Hay un pasaje en el Evangelio de San Marcos y de San Lucas que describen cómo Jesús se encuentra en el templo con sus discípulos. Allí ven cómo los fariseos y los jefes de los sacerdotes depositan cantidades muy importantes de dinero en el arca destinada a recoger limosnas para el templo.
Pero, Jesús alaba a una viuda que echa una cantidad muy pequeña: “Os aseguro que esa viuda ha echado más que todos los demás. Pues todos han echado de lo que le sobraba; ella, en cambio, ha echado de lo que necesitaba, todo lo que tenía para vivir”
Reflexionando sobre este pasaje, pienso que no es malo lo que hacen los fariseos, especialmente si no persiguen que se les vea y se les admire por su generosidad, pero, indudablemente, es mucho mejor lo que hace la viuda, dar lo que necesita.
Yo diría que lo primero es limosna y los segundo-lo que hace la viuda- es caridad.
Contaré ahora una vivencia personal, en la que pienso que se presentan la limosna y la caridad.
Estaba yo destinado en Cartagena, era joven, soltero y sin compromiso y formaba parte de una pandilla numerosa de chicos y chicas.
Un día, una de las chicas me pidió que le acompañara a visitar a una madre y su hija, para llevarles unas mantas y unos quilos de lentejas y garbanzos. Le acompañé encantado.
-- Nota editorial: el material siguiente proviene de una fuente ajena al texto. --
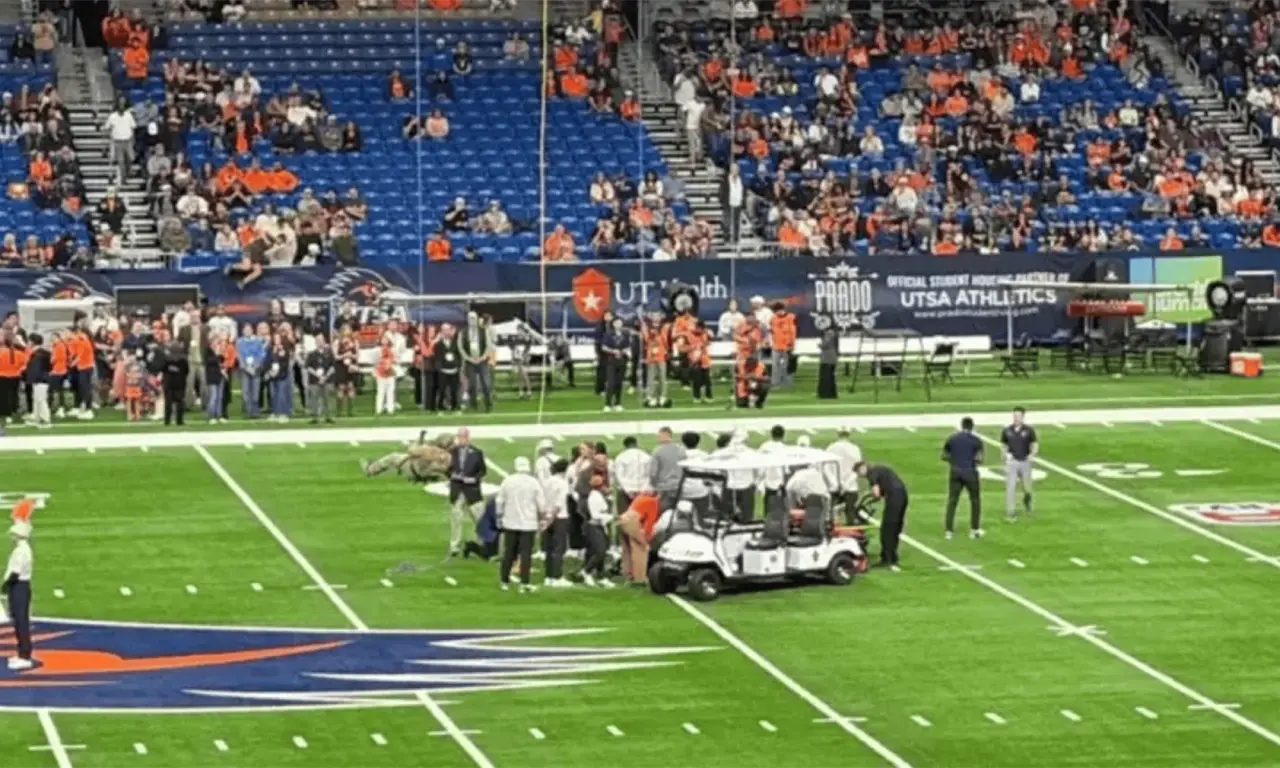  Militar de EE.UU. muere tras caer durante una exhibición de rapel en un partido en Texas 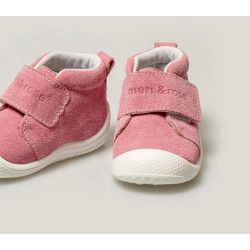 Merli Rose İlk Adım Süet  Bot  Pembe 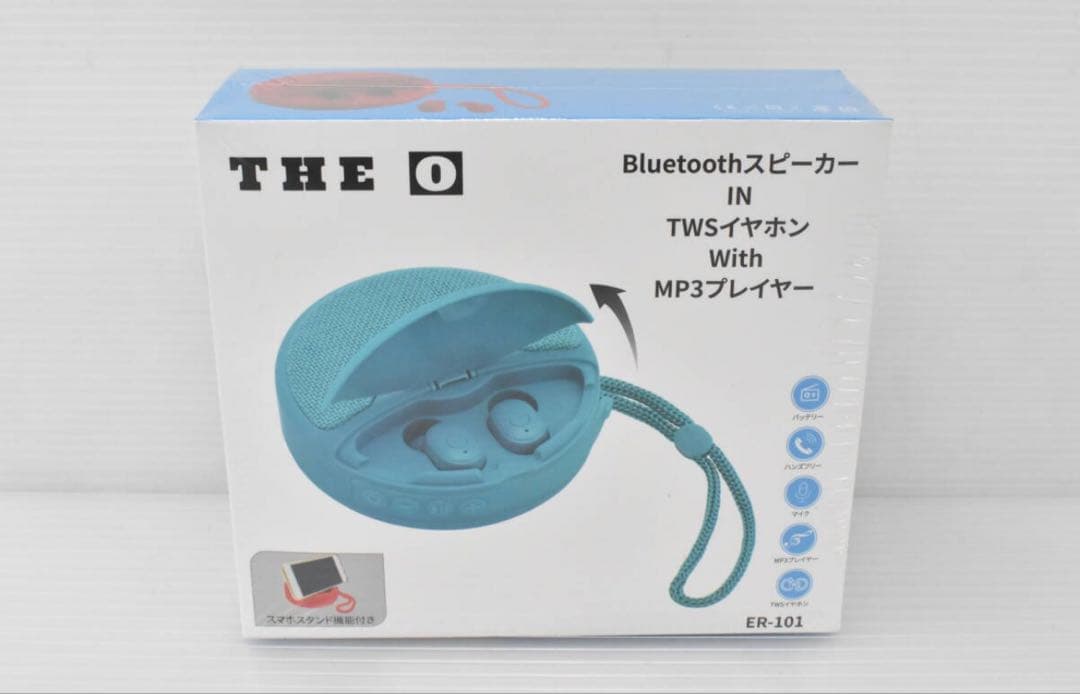 THE 0 Bluetoothスピーカー IN TWSイヤホン+ MP3プレイヤ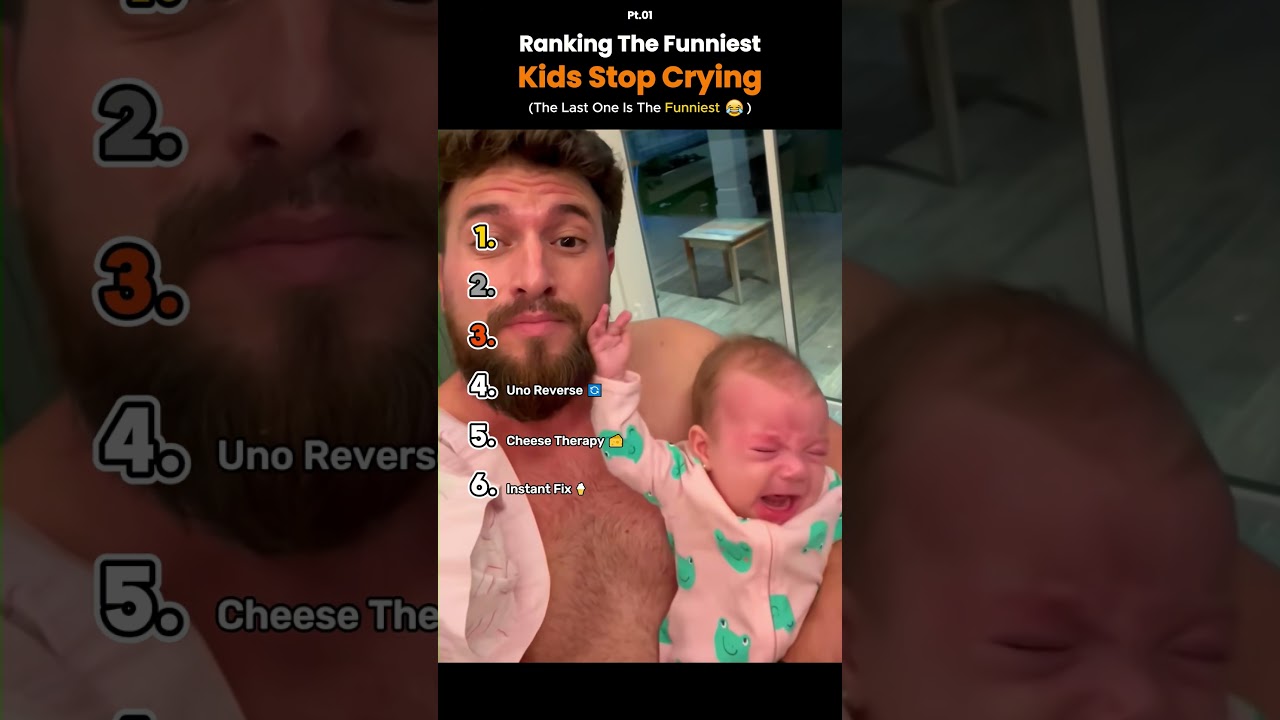 Ranking the Funniest Kids Stop Crying Moments 😂👶 #funny #memes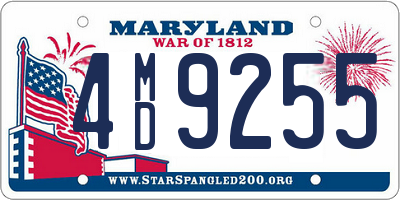 MD license plate 4MD9255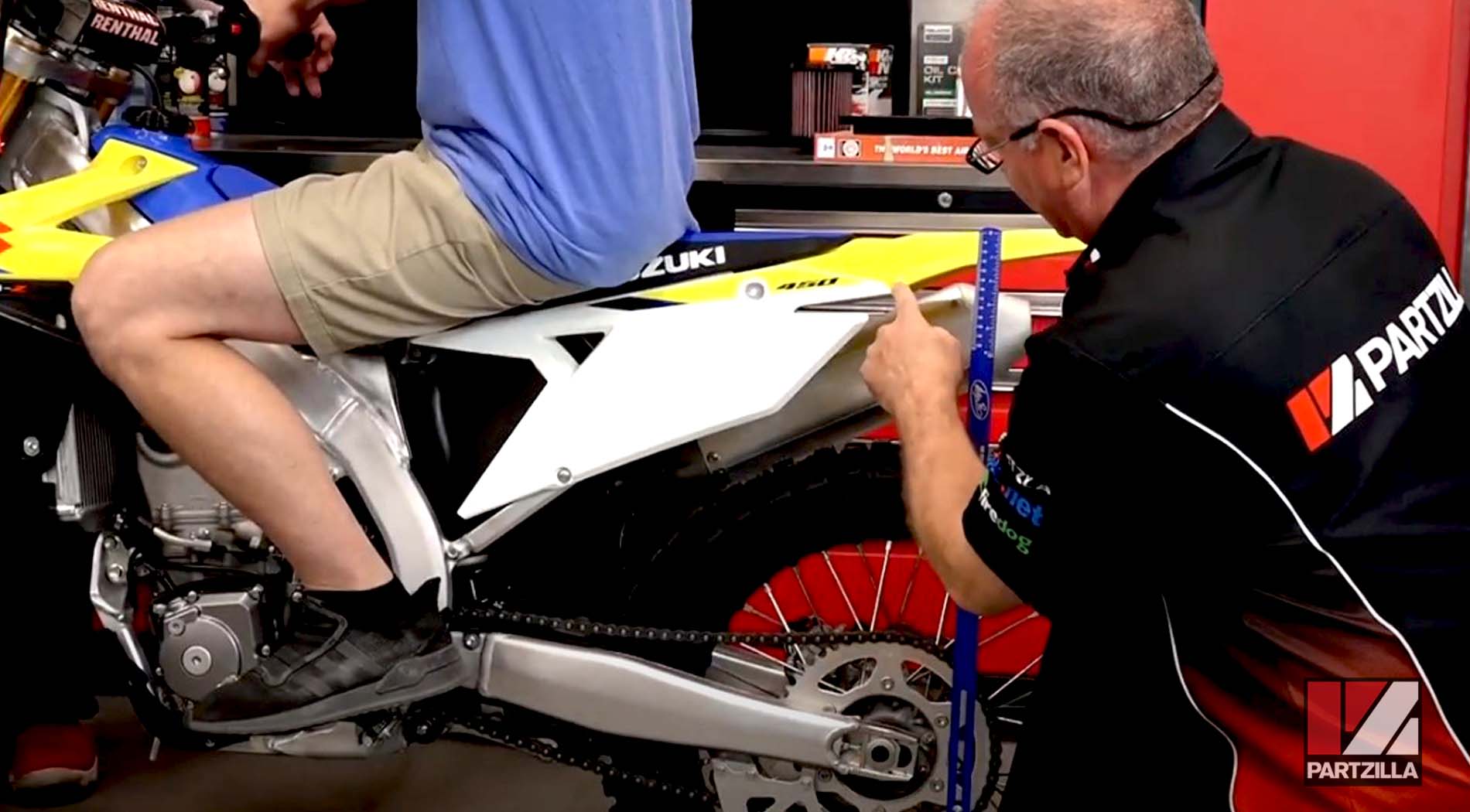 How to measure motorcycle sag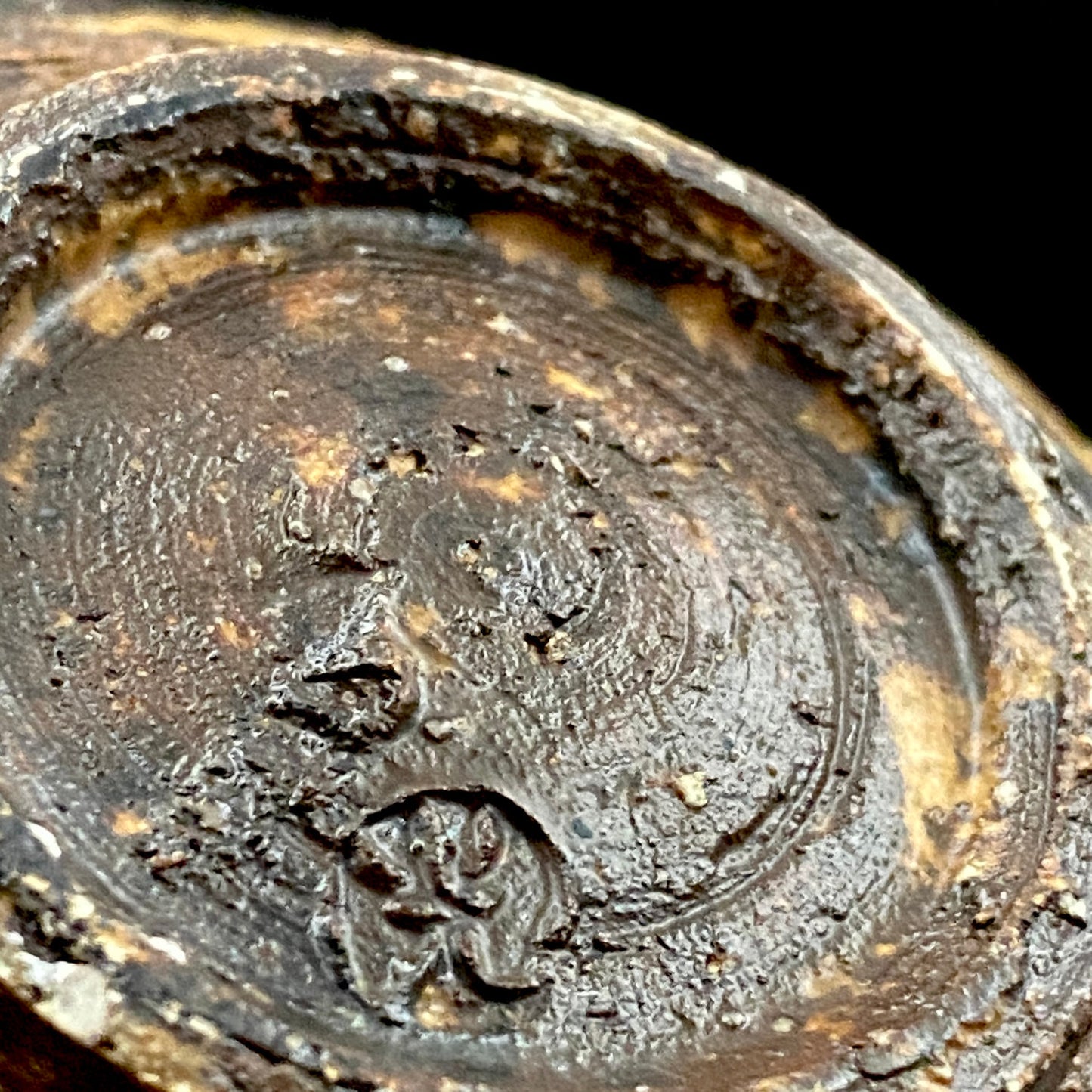 Prize Winner of the Minister of Education Award, Artist Permanently Collected in the Museum of Fine Arts, Boston - Mitsuo Kano: Iron-painted Hakeme Cylindrical Teabowl / Rock Glass #307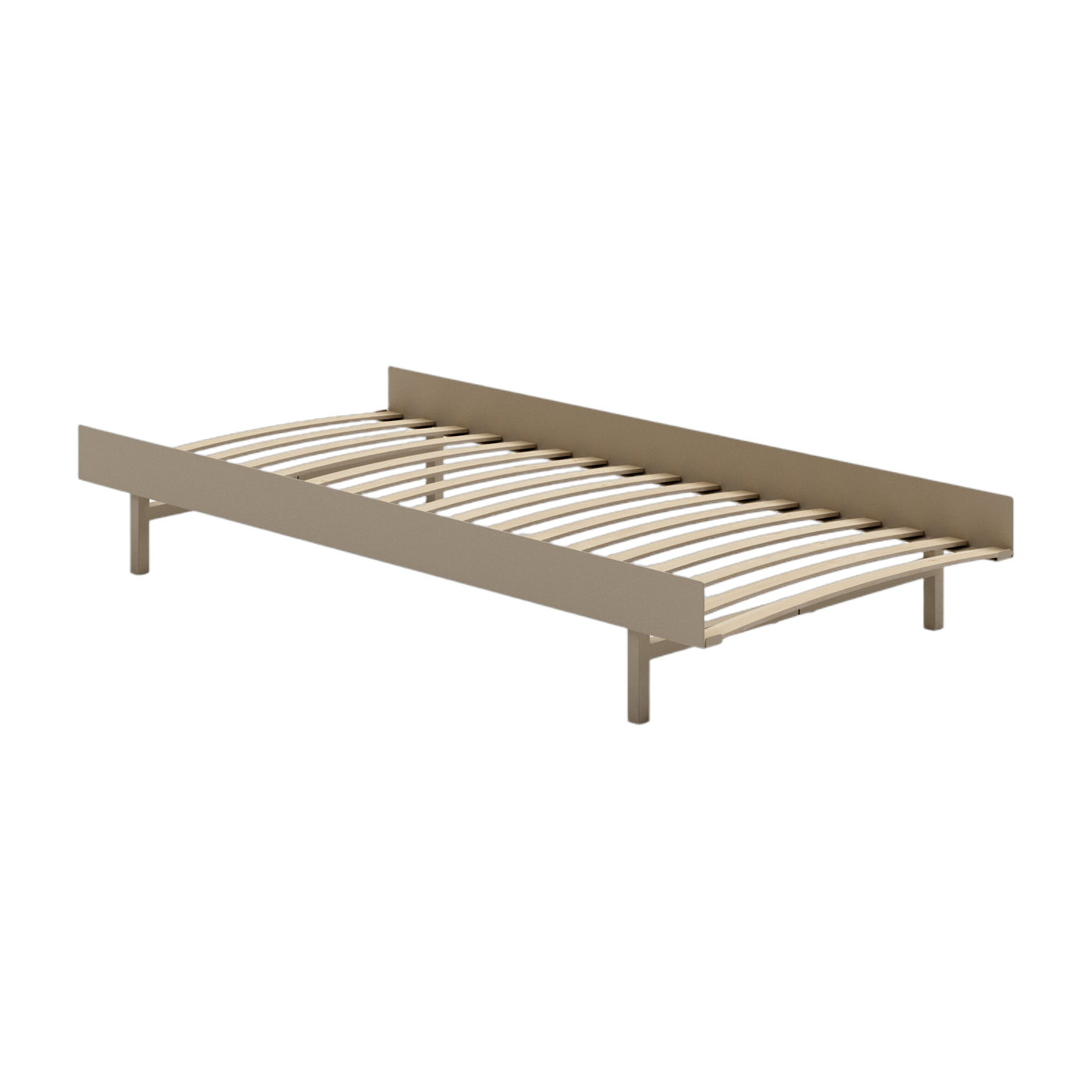 Somier con lamas de acero arena 90cm - Moebe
En el camino, mi amiga me contó que tanto la madre como la hija vivían en el límite de la pobreza; eran ya mayores, la madre tendría unos ochenta años y la hija, sesenta.
Me pidió que convenciera a la madre para que se fuera al Asilo, donde estaría mejor atendida y la hija dispondría de más medios para subsistir.
Llegamos a la casa, nos abrieron la puerta y pasamos al comedor; en él había una mesa y dos sillas.
Les dimos las mantas y las legumbres, mientras yo les proponía que la madre se fuese al Asilo, donde estaría mejor.
La reacción de la madre y la hija fue recoger lo que llevábamos, colocarlo en el punto más alejado de la mesa y empujarnos suavemente hacia la salida. Antes de darnos cuenta se había cerrado la puerta.
Hasta aquí, lo que yo llamaría “limosna”; ahora expongo lo que considero “caridad”.
Pasó algún tiempo y mi amiga me volvió a invitar a visitar a la madre e hija, y me hizo ver que sería bueno que la madre fuese al Asilo.
Recapacité sobre lo que había pasado la vez anterior y vi claro que me había confiado al don del convencimiento, que creía tener, y a mis propias fuerzas; era necesario cambiar.
Me fui a la mejor pastelería de Cartagena y compré la docena de pasteles más apetitosa. Llegamos a la casa y nos hicieron pasar; lo hice sonriente, dejé los pasteles en la mesa y abrí el paquete.
Luego, me dirigí a la madre y le dije: “Ya me he enterado quién es usted”.
Me miró intrigada y me preguntó: “quién era”.
Se lo aclaré: “Cuando el rey Alfonso XIII se exiló de España y se fue a Italia, embarcó en Cartagena en un crucero. Pasaba en coche por la calle Mayor y dijo al conductor que parara. Se bajó del coche y se acercó a una chica joven muy guapa, la besó y dijo: “Quiero despedirme de España dando un beso a la mujer más guapa de Cartagena”.
Y me he enterado que aquella joven era usted.
Mientras le decía esto, la tenía cogida por los hombros y, luego, le di un par de besos. La madre se puso colorada y vi que estaba encantada. La hija se ofreció a que acompañásemos con agua a los pasteles, se fue y volvió con un jarro y dos vasos. Estaba claro que además de tener sólo dos sillas, sólo había dos vasos.
Seguimos charlando y yo continué metiéndome con ellas, especialmente con la madre.
En un momento concreto desaparecieron, estuvieron un rato fuera y luego volvieron.
La hija se dirigió entonces hacia mí y me dijo: “Mi madre y yo hemos estado hablando y si usted cree que lo mejor para ella es que se vaya al Asilo, estamos dispuestas a aceptarlo”
La verdad es que yo pensaba que habían salido para tratar el tema.
Entonces, me volví a ellas y les dije: “Por mi parte pueden ustedes hacer lo que quieran. Pero, yo, si fuese ustedes, me quedaría en mi casa, porque es mejor pasar necesidades en compañía que estar mejor, pero separados”.
La madre y la hija me abrazaron, me dieron sendos besos y no paraban de darme gracias.
Debo confesar que, siempre que pienso en ellas, llego a la conclusión de que acerté plenamente, porque estoy convencido de que esta segunda vez no fui yo el que actué, sino que el Espíritu Santo quiso servirse de mí para realizar aquella obra de “caridad”.